● **Problem requirements**
Each entry below should be output exactly, apart from its images.

(Dataset records)
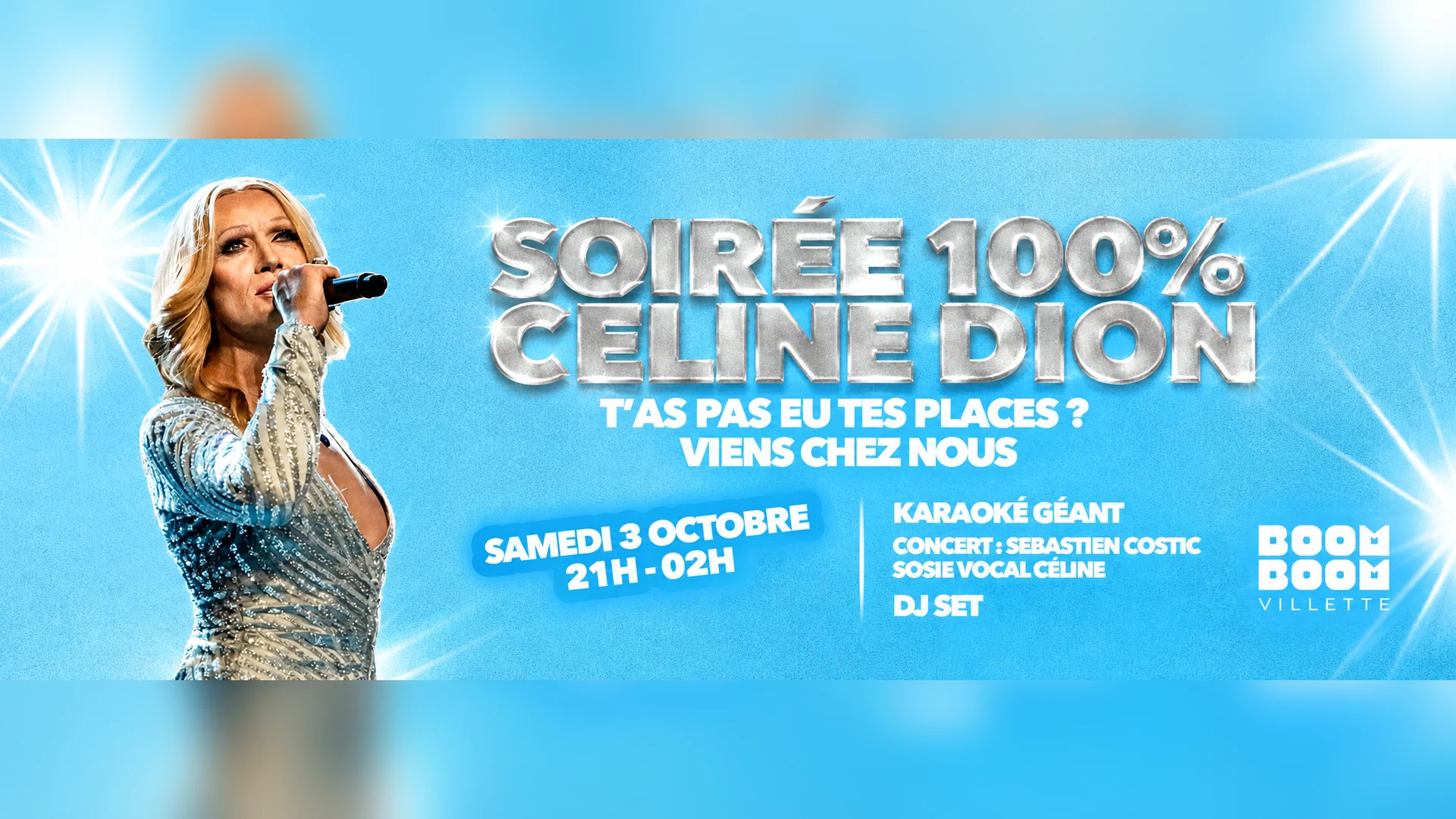 Soirée 100% Céline Dion Cover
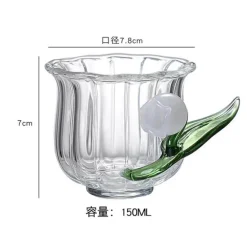 Maiglöckchen-Tier-Wasserbecher - Kaninchen- und Enten-Glasbecher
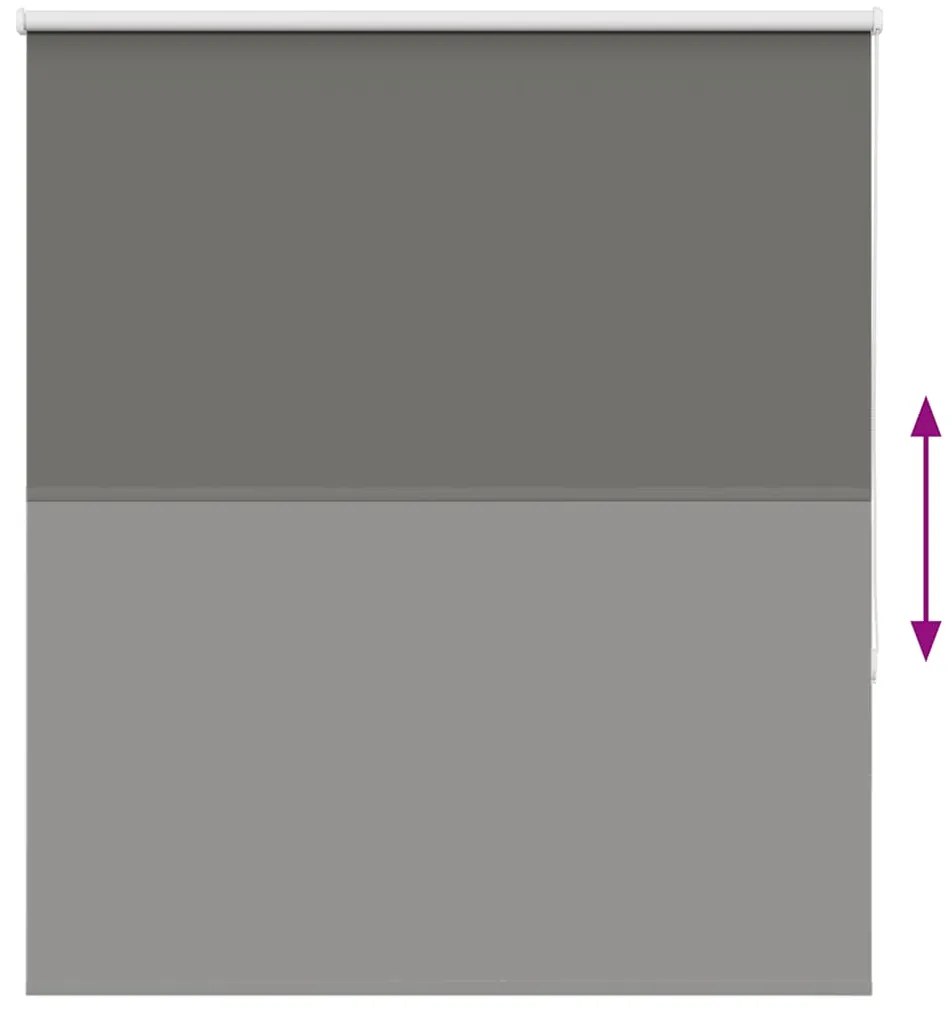 Persiana de enrolar 125x175 cm largura tecido 121,6cm poliéster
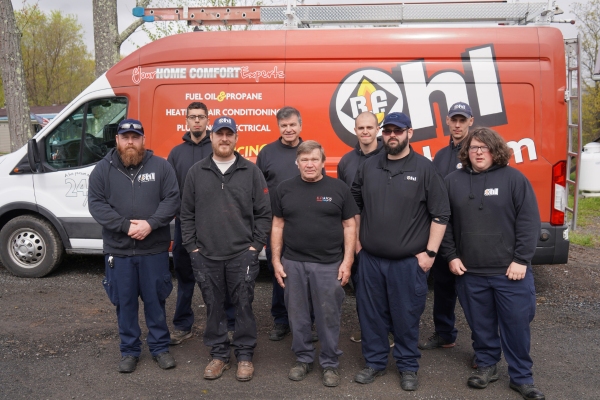 R.F. Ohl HVAC service team behind excellent HVAC practices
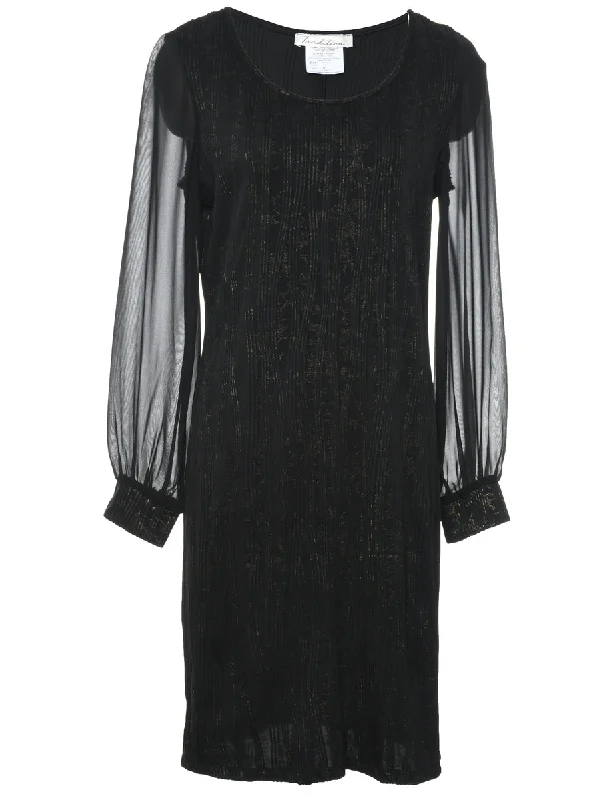 Markdowns Black Evening Dress - L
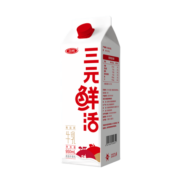 三元鲜活 超巴高温杀菌工艺高品质牛乳纯牛奶950ml/盒 低温奶 生鲜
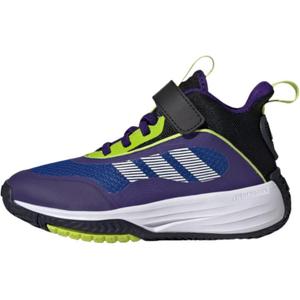 Антискользящие износостойкие баскетбольные кроссовки мид-топ синие детские Adidas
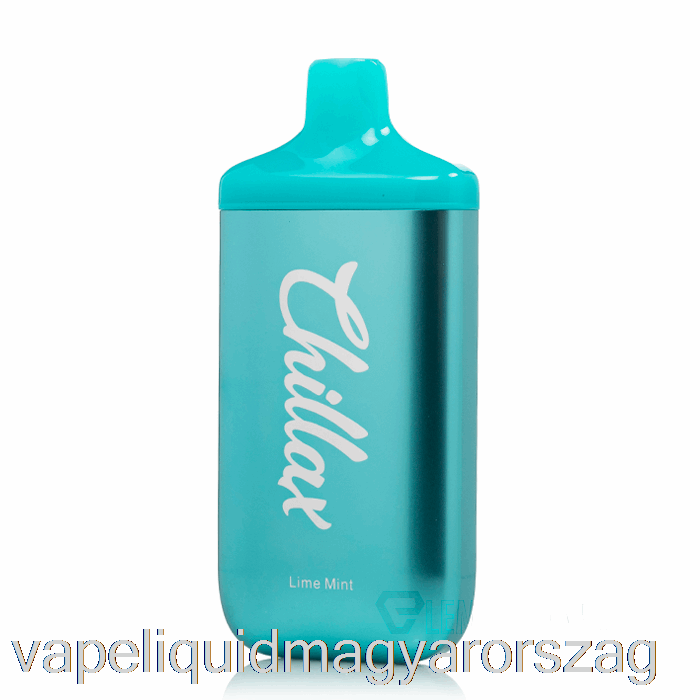 Chillax 9000 Eldobható Lime Menta Vape Toll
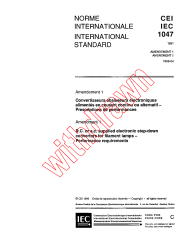 IEC 61047:1991/AMD1:1996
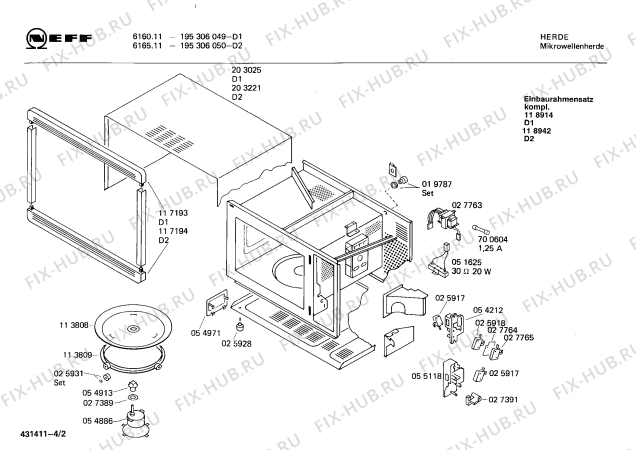 Схема №4 0750491047 MG820 с изображением Переключатель для свч печи Bosch 00027903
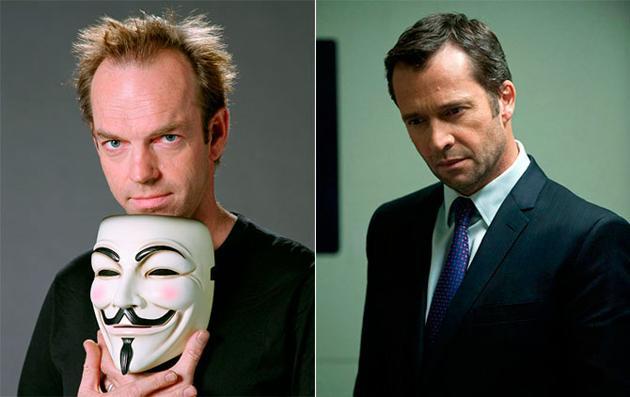 Hugo Weaving como V de Vendetta.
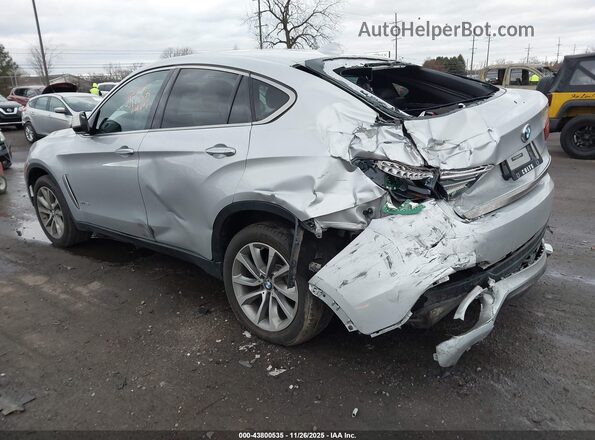 5UXKU2C53K0Z62875 2019 BMW X6 Silver Vista interior trasera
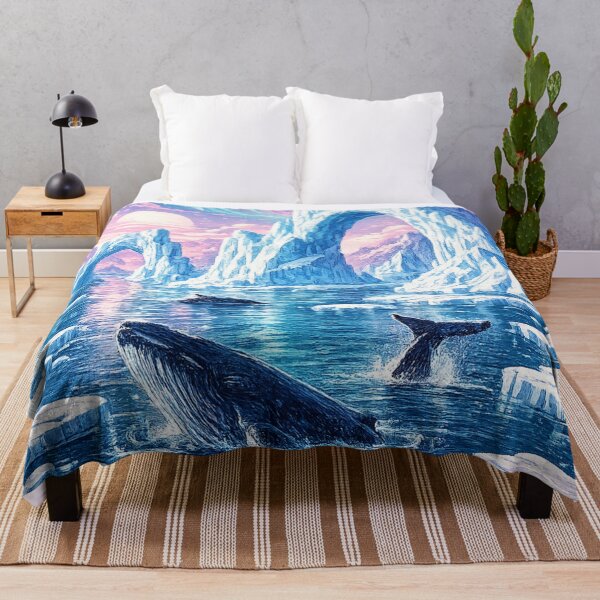 Item preview, Icy Arctic Whales Glacier - Fantasy Ice Landscape designed and sold by irfanshikh.
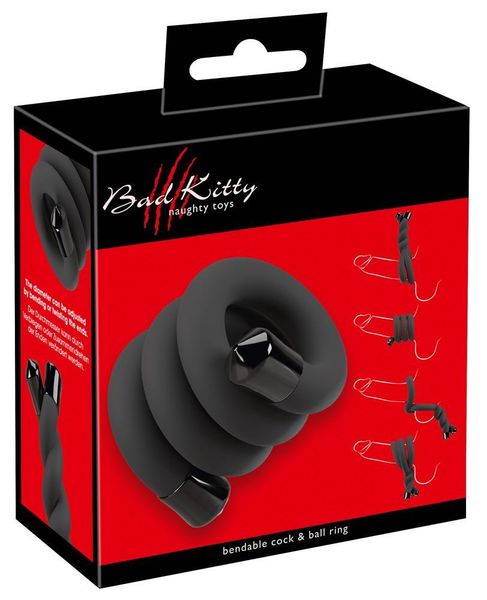 Bk Bendable Cock & Ball Ring zdjęcie 1
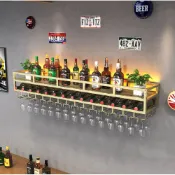 酒吧壁掛紅酒架餐客廳酒櫃葡萄酒架吊杯架創意紅酒杯架倒掛高腳杯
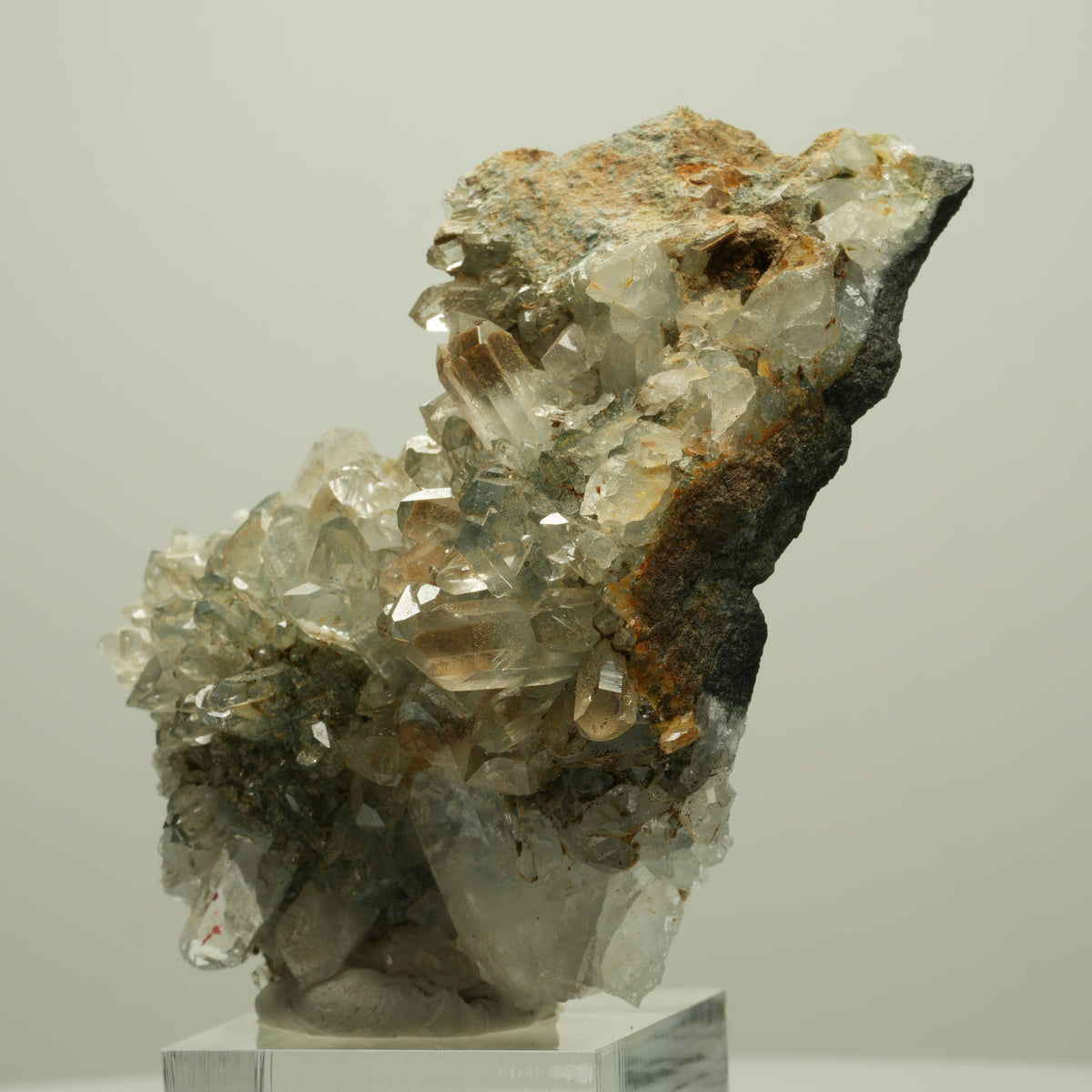 Harlekin Starburst Quarz, Epidot auf Matrix Streep Mine, Namibia 73*48*28mm #14660
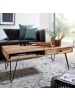 KADIMA DESIGN Couchtisch BAGLI Massiv-Holz 110 cm breit Wohnzimmer-Tisch in Akazie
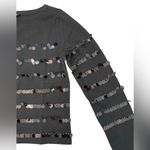 J.Crew  Heavy Jersey Long-Sleeve T-Shirt with Paillette Embellishment Size XXS Photo 4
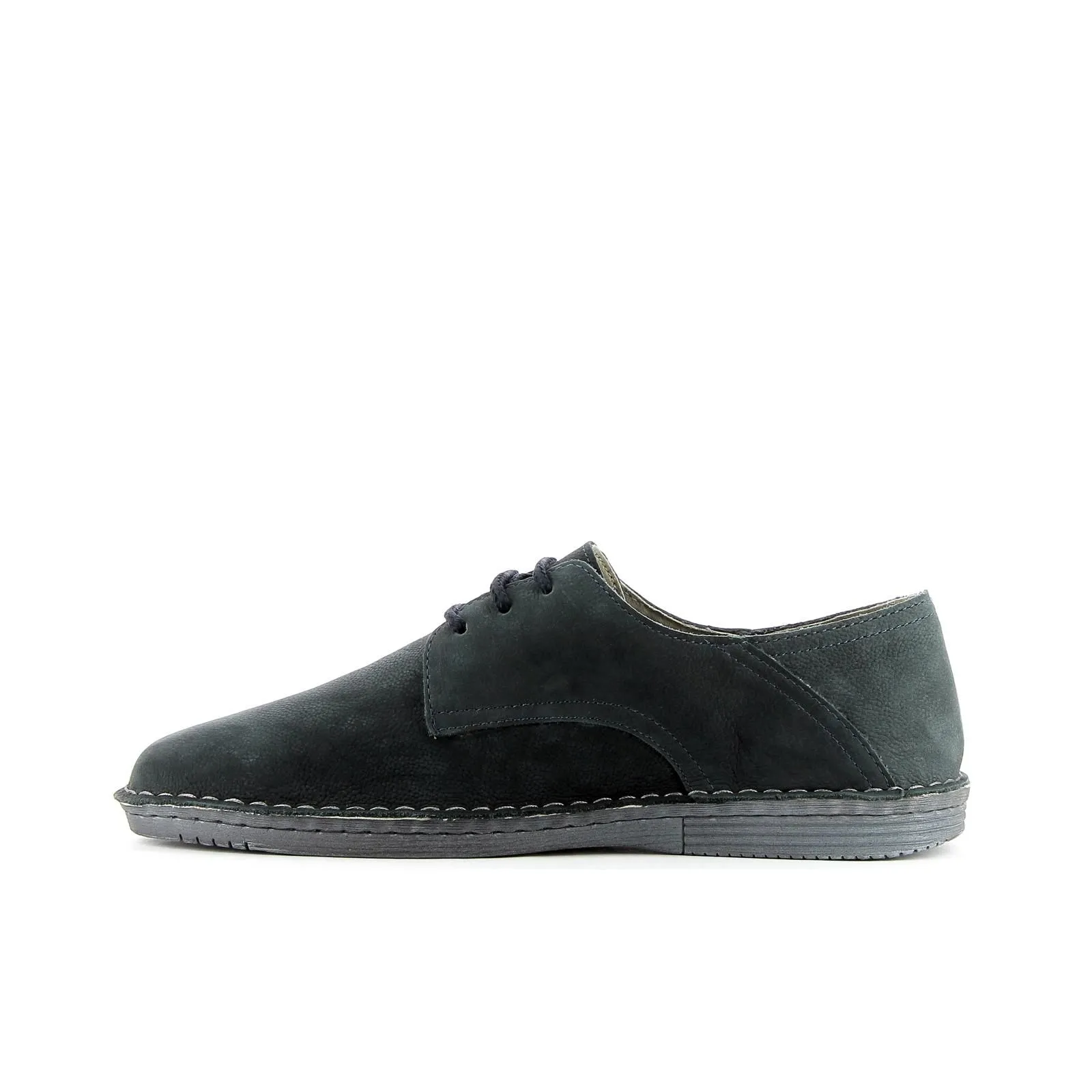 Desert Boots blu con suola in gomma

● **Solution for this exercise**
 Soirée 100% Céline Dion Cover
 Maiglöckchen-Tier-Wasserbecher - Kaninchen- und Enten-Glasbecher
 Persiana de enrolar 125x175 cm largura tecido 121,6cm poliéster
 R.F. Ohl HVAC service team behind excellent HVAC practices
 Markdowns Black Evening Dress - L
 三元鲜活 超巴高温杀菌工艺高品质牛乳纯牛奶950ml/盒 低温奶 生鲜
 Антискользящие износостойкие баскетбольные кроссовки мид-топ синие детские Adidas
 Chillax 9000 Eldobható Lime Menta Vape Toll
 IEC 61047:1991/AMD1:1996
 Схема №4 0750491047 MG820 с изображением Переключатель для свч печи Bosch 00027903
 Hugo Weaving como V de Vendetta.
 5UXKU2C53K0Z62875 2019 BMW X6 Silver Vista interior trasera
 Item preview, Icy Arctic Whales Glacier - Fantasy Ice Landscape designed and sold by irfanshikh.
 Bk Bendable Cock & Ball Ring zdjęcie 1
 酒吧壁掛紅酒架餐客廳酒櫃葡萄酒架吊杯架創意紅酒杯架倒掛高腳杯
 Harlekin Starburst Quarz, Epidot auf Matrix Streep Mine, Namibia 73*48*28mm #14660
 KADIMA DESIGN Couchtisch BAGLI Massiv-Holz 110 cm breit Wohnzimmer-Tisch in Akazie
 J.Crew  Heavy Jersey Long-Sleeve T-Shirt with Paillette Embellishment Size XXS Photo 4
 Desert Boots blu con suola in gomma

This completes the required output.